I've seen it from many folks in my short time in web3. An ally joins a Twitter space tailored to a specific underrepresented audience (Women, LGBTQ2IA, Black folks, etc.). At some point, the discussion addresses the challenges of that particular community in web3. The ally requests to speak, expresses their disgust and shock at what they've heard and asks, "what can we do?".
The intentions may be good, but this question overlooks one key point—now the burden falls on the marginalized folks to educate the ally about how to help. It also assumes they want your specific help.
Your intentions are good, you genuinely want to help, but you don't know what to do or where to start. Here are the first steps I share with folks looking to be effective allies in web3:
Stop Talking. Start Listening.
Follow underrepresented folks. Read their tweets. Show up and listen in on their spaces. And do all this without the need to announce your presence, share your thoughts, or ask your questions. Why? Because you're a guest. And it's important for allies to respect the safe spaces of underrepresented groups.
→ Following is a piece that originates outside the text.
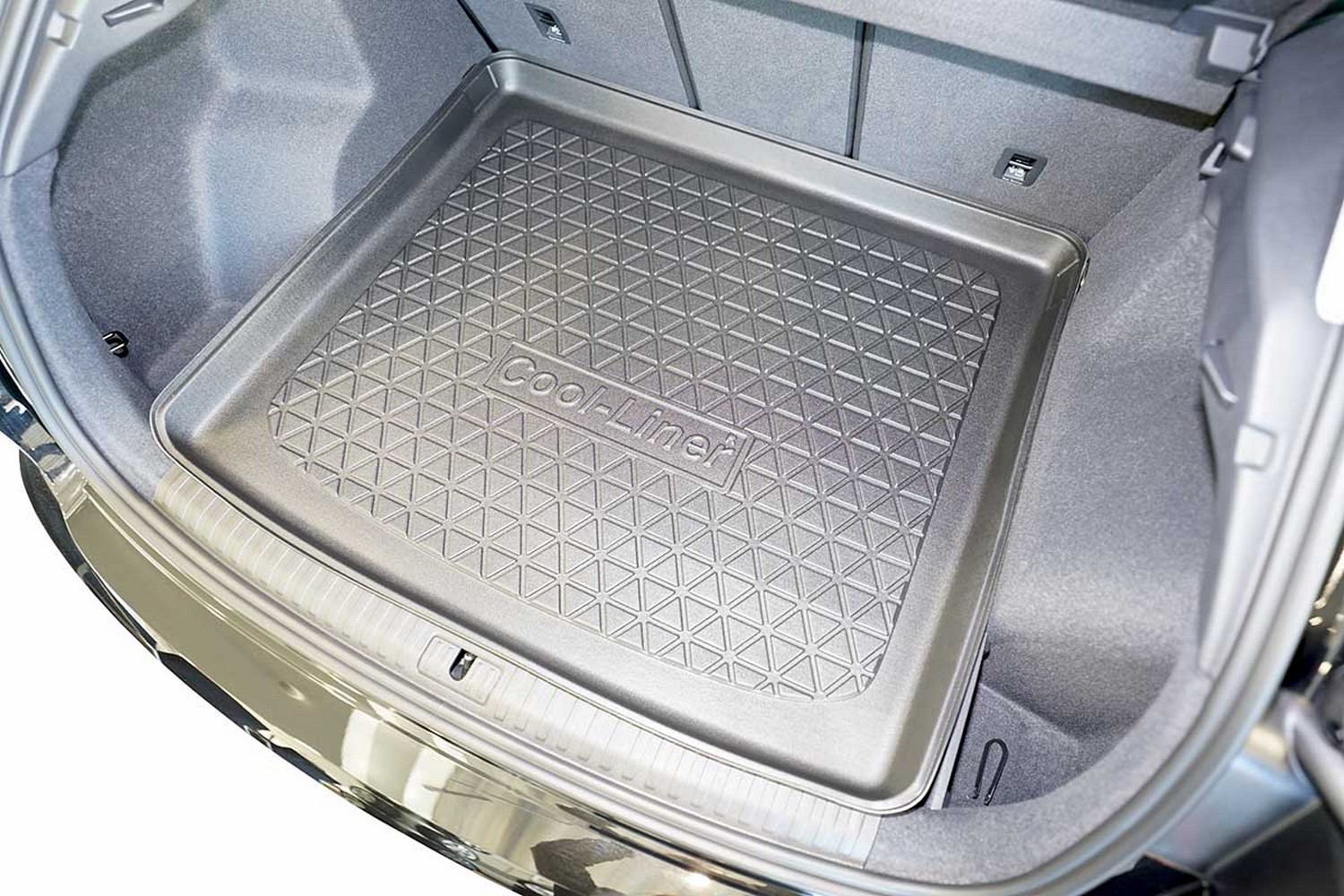 Boot mat suitable for Audi Q3 (FJ) 2025-present Cool Liner anti slip PE/TPE rubber (AUD5Q3TM-C) (2) Boot mat suitable for Audi Q3 (FJ) 2025-present Cool Liner anti slip PE/TPE rubber (AUD5Q3TM-C) (2)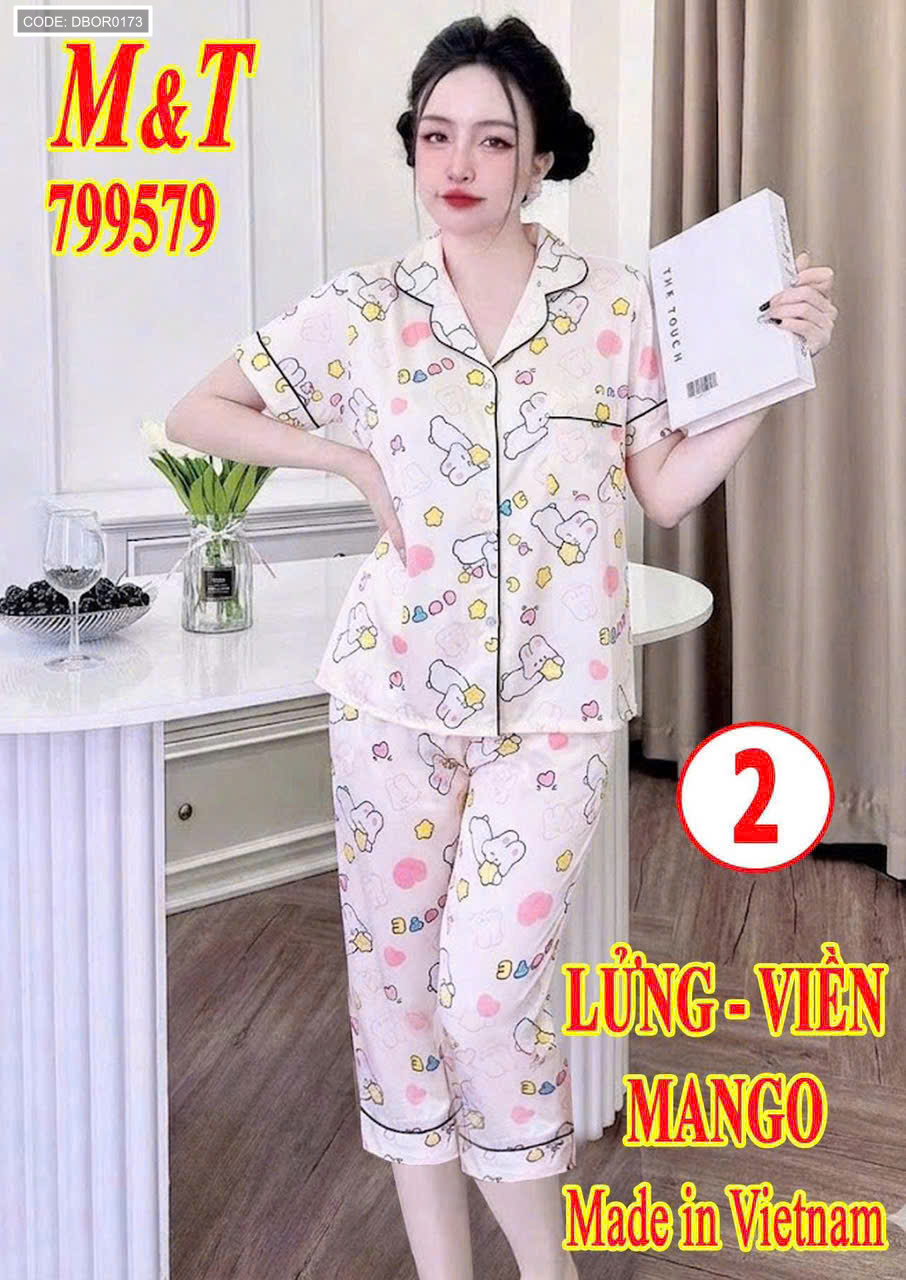 Ảnh mặc thực tế của kiểu áo cổ bẻ phối viền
Listen to them and their experiences within web3. How are they different from yours? How are they similar, if at all? If you had to choose, would you rather have their day-to-day experiences in this space or yours?
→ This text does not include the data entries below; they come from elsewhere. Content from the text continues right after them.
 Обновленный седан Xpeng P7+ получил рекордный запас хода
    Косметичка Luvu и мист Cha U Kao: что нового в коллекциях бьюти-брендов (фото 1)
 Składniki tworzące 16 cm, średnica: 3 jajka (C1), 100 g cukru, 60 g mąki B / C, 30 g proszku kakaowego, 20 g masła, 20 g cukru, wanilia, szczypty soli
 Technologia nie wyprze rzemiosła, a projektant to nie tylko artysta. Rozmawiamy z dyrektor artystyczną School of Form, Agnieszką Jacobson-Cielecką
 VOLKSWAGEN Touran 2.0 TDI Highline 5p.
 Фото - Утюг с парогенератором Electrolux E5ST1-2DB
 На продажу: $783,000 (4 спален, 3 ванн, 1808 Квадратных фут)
When you stop talking and start listening a beautiful thing happens—you begin to hear answers to that well-meaning question, "what can I do?". You start to develop empathy for lived experiences that are different than yours. You may see a tiny fraction of the world experienced by underrepresented people, instead of the world you experience.
Look inward and reflect on your privilege.
Allies have privilege, lots of it. If you want to be a better ally it's critical that you start with some self-reflection.
What are the opportunities you've received because of your identity? What can you access because of your race, gender, education, class, etc.? What have you accessed because of your race, gender, education, class, etc.?
Spend time reflecting—knowing this won't happen overnight. From there develop three ways you can extend your access to underrepresented people. Remember, access doesn't have to be capital. Network, knowledge, and other opportunities are also critically important.
Your privilege has made certain aspects of your life easier. Being an ally means paying this luck forward.
If this all sounds hard and overwhelming, that's because it is. Sit with that and examine why that is. It's understandable that your internal voice would want to push you away from this work. But remember, being an ally isn't comfortable. Prejudices, phobias, and biases don't get better without uncomfortable and difficult conversations.
Ally is a verb. It's an intentional and lifelong journey—not a moment in time. Your desire to help alone won't bring change. You have to be willing to put in the work and take action.